Our conversation remained from beginning to end under the influence of our father, of his devotion to farming, of his work in behalf of the small farmers of our region, and of our conversation with him.
That conversation was taken up many years ago between Tanya Berry and me. It continues between us and our children and their children.
This is the conversation of agrarians and agrarianism, far larger, older, and longer than our family or any family can remember, involving some people we know, and many we don’t know.
I dedicate this book to that conversation and to all of its members, once, now, and to come.
You had to be here then to be able to don’t see it and don’t hear it now. But I was here then, and I don’t see it now . . .

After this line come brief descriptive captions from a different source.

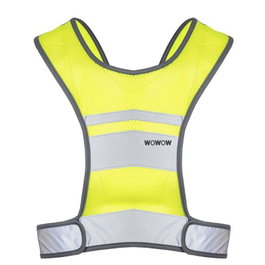 Wowow Chaleco Reflectante Nova Amarillo - Talla XL, Malla Transpirable, Certificado CE EN13356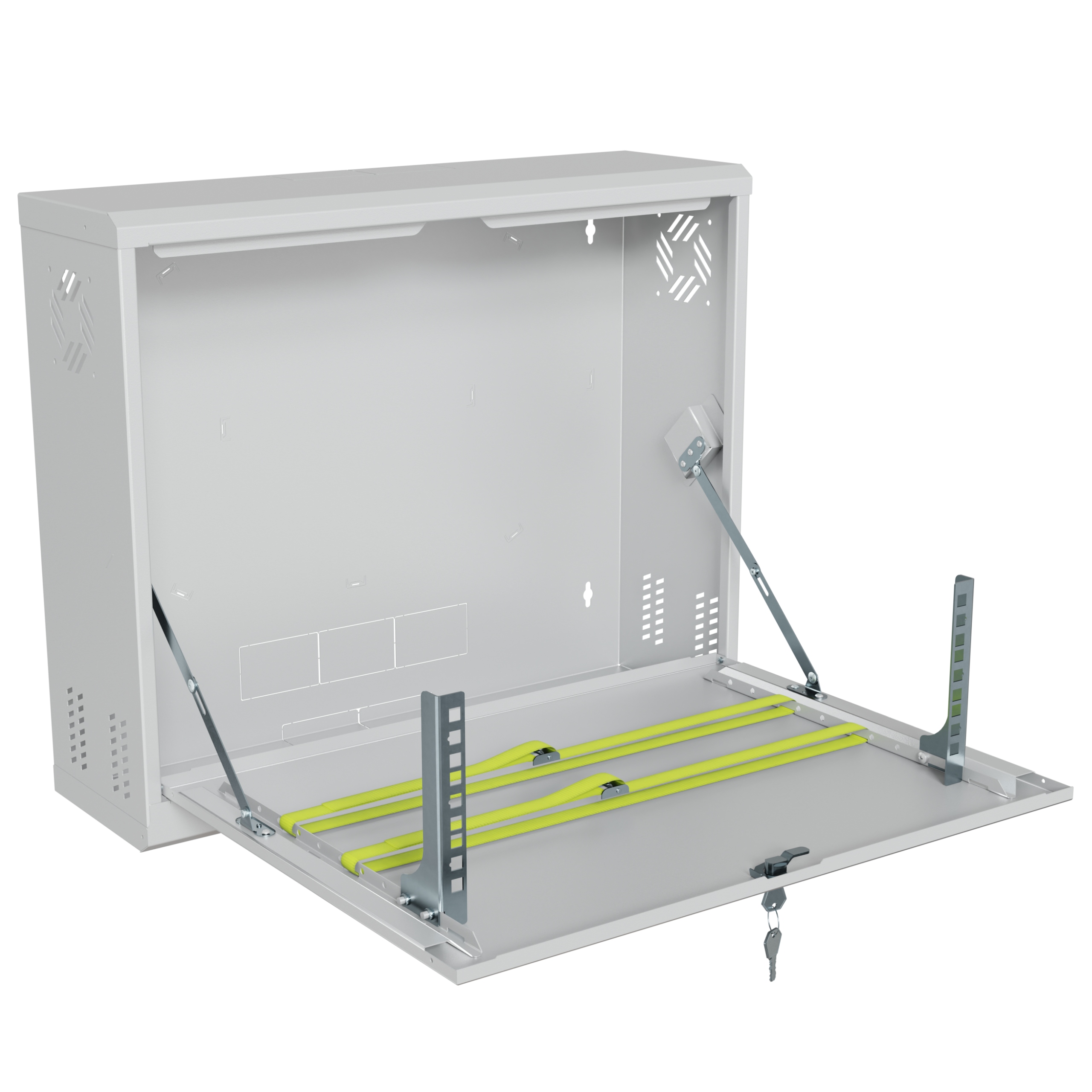 Skříň pro Cctv Rack rekordér StalFlex Vertikální 19" 3U 180 mm šedá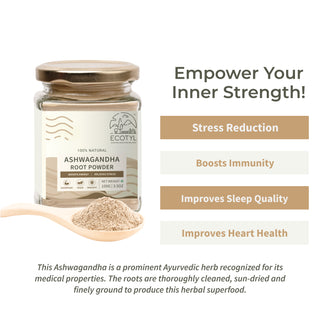 Ashwagandha Root Powder for Mental Well Being Energy Booster Ecotyl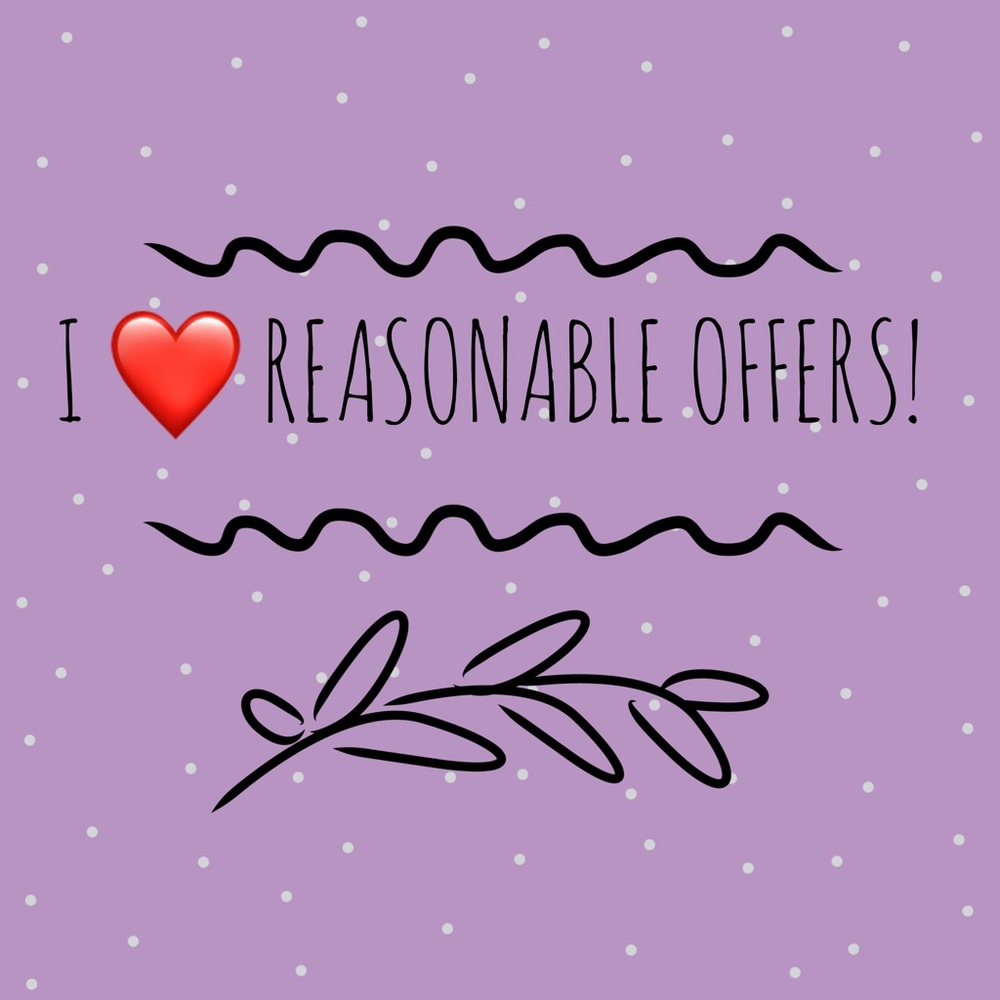 Reasonable offers will be accepted!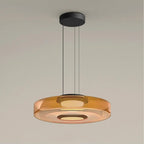 Pendant Light | Layered Multi-Tiered Metal & Glass Warm LED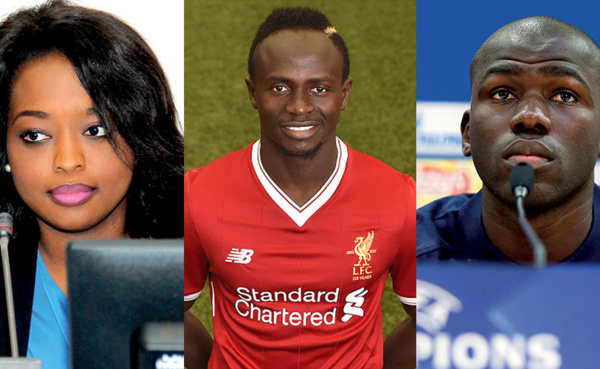 Sadio Mané, Amy Sarr Fall et Kalidou Koulibaly distingués parmi les 100 jeunes africains les plus influents du continent africain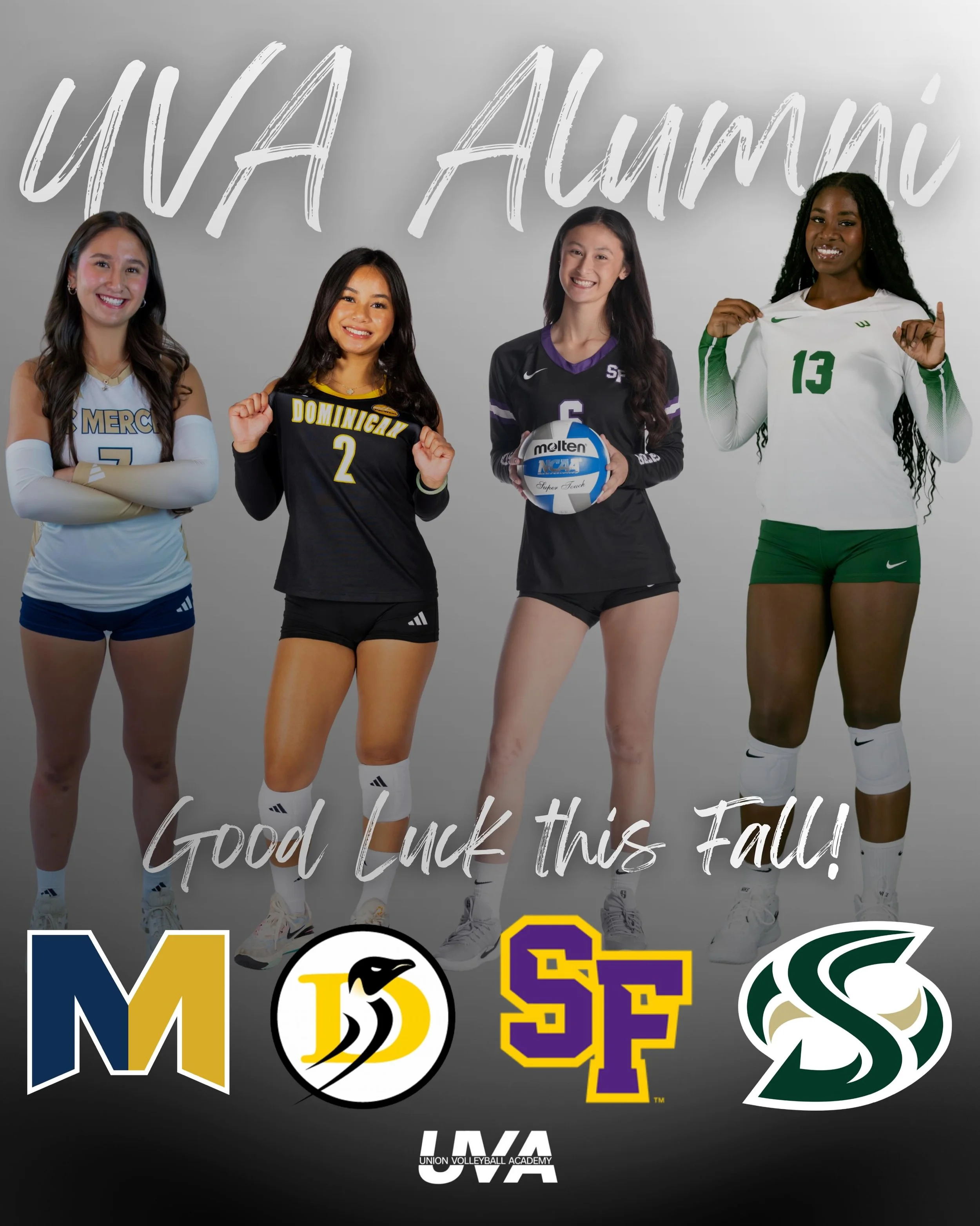 (Part 1) Wishing our UVA Alumni the best of luck this upcoming fall!  We can&rsquo;t wait to cheer you on! 💙🐧🐊🐝 #ncaa #ccaa #pacwest #bigwest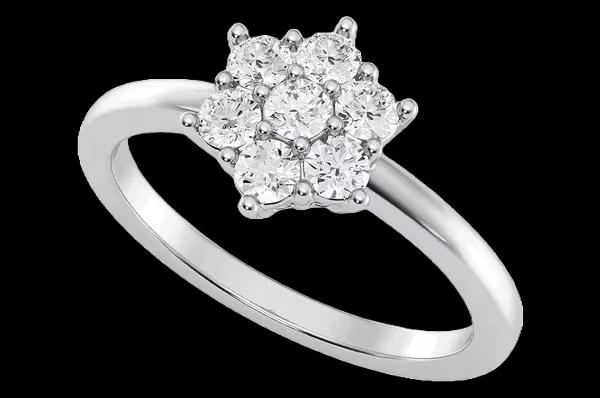 Bague Flower Cluster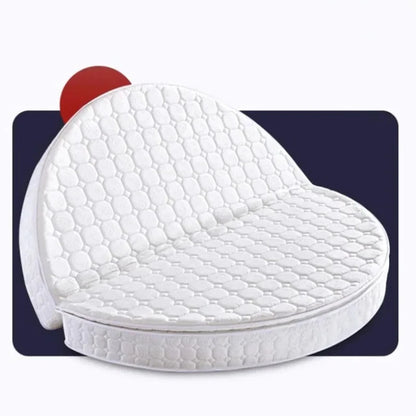 Double Spring Round Mattresses Folding Hard Foldable Queen Round Mattress King Size Sleeping Colchon Plegable Bedroom Furniture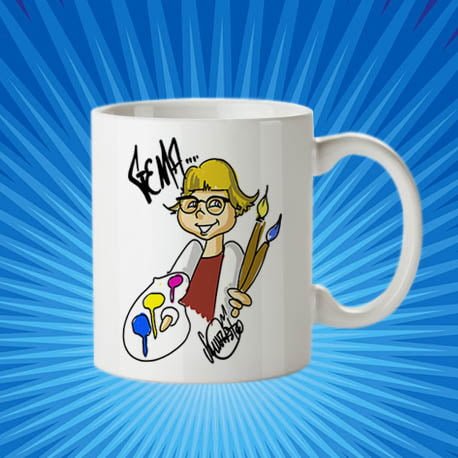 niña gema taza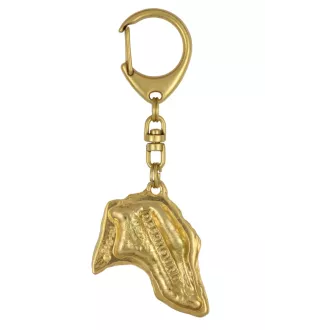 Deerhound, Scottish Deerhound - Porte-clés doré avec chien dans boîte cadeau, décoration de sac à main, accessoire de luxe de la marque Art-Dog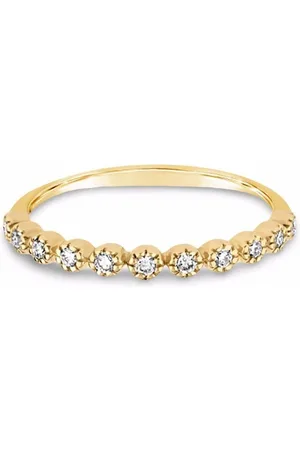 Dinny Hall 14kt yellow Forget Me Not diamond ring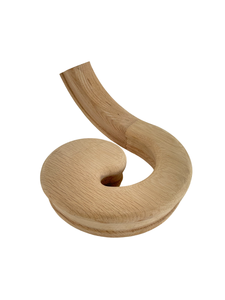 Parte superior de ajuste de barandilla de voluta de mano izquierda de roble blanco 7232 de alta calidad para escaleras externas internas OEM ODM disponible - Product Image 2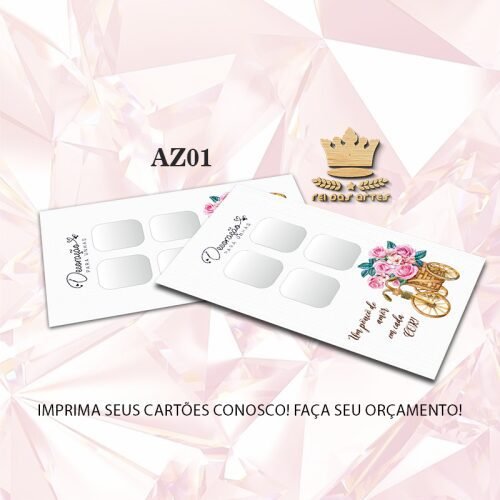 1 Arte Casadinha 9x5cm - AZ01 5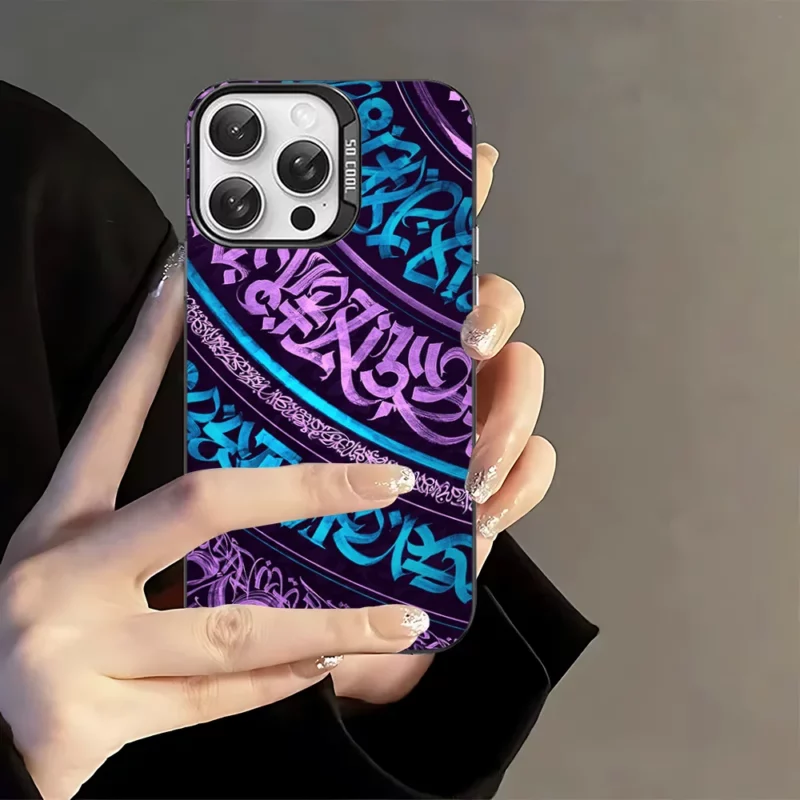 Pokras Lampas Art Graffi Phone Case For iPhone 16 15 14 13 12 11 Pro Max X XR XSMAX 8 7 Plus Matte Shockproof Back Cover - Image 3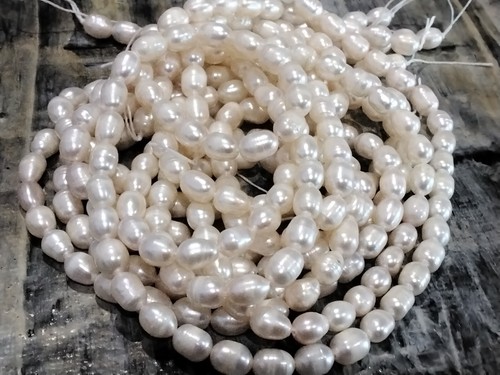 Perla de agua dulce cultivada Nat, grado AAA, arroz, 5-4 mm, aprox 58 piezas - Imagen 4 de 4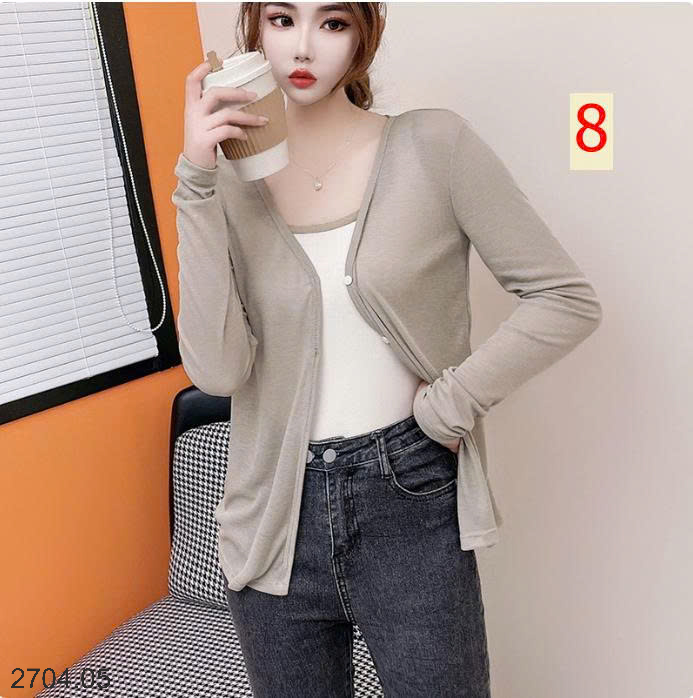 26HA2704.05 - ÁO CARDIGAN KHOÁC NHẸ MÙA HÈ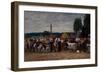 Fair in Brittany, 1874-Eugene Louis Boudin-Framed Giclee Print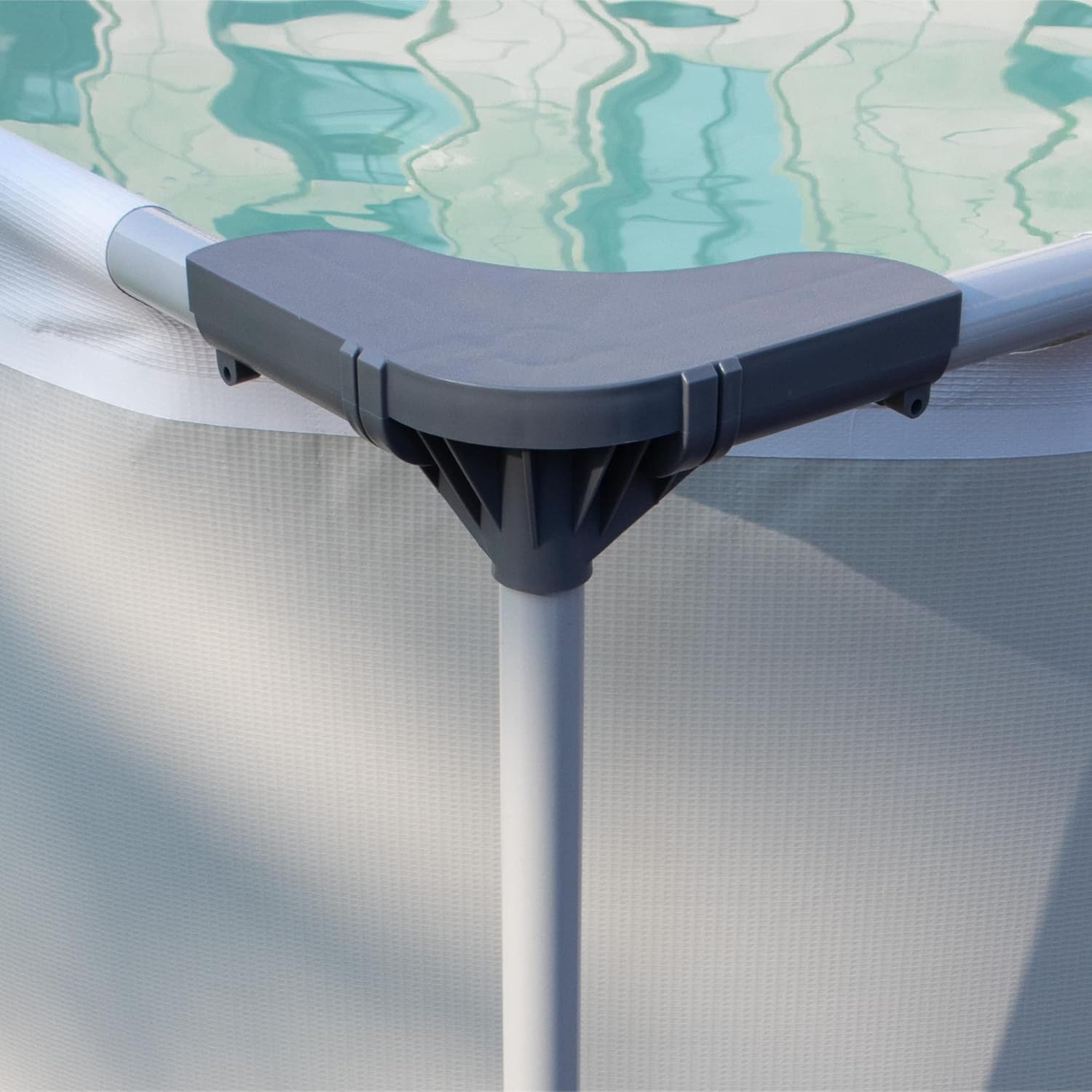 Avenli - Piscine rectangulaire structurelle - gris - montage facile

—Ernest J. Gaines, A Gathering of Old Men
. . . our assumption that everything is provisional and soon to be superseded, that the attainment of goods we have never yet had, rather than the defence and conservation of those we have already, is the cardinal business of life . . .
—C. S. Lewis, “De Descriptione Temporum,” Selected Literary Essays
My view is that all artists, whether they know it or not, whether they would repudiate the notion or not, are in fact “showers forth” of things which tend to be impoverished, or misconceived, or altogether lost or willfully set aside in the preoccupations of our present intense technological phase, but which, none the less, belong to man.
So that when asked to what end does my work proceed I can do no more than answer . . . thus: Perhaps it is in the maintenance of some sort of single plank in some sort of bridge.
—David Jones, The Dying Gaul
We are responsible for what we remember.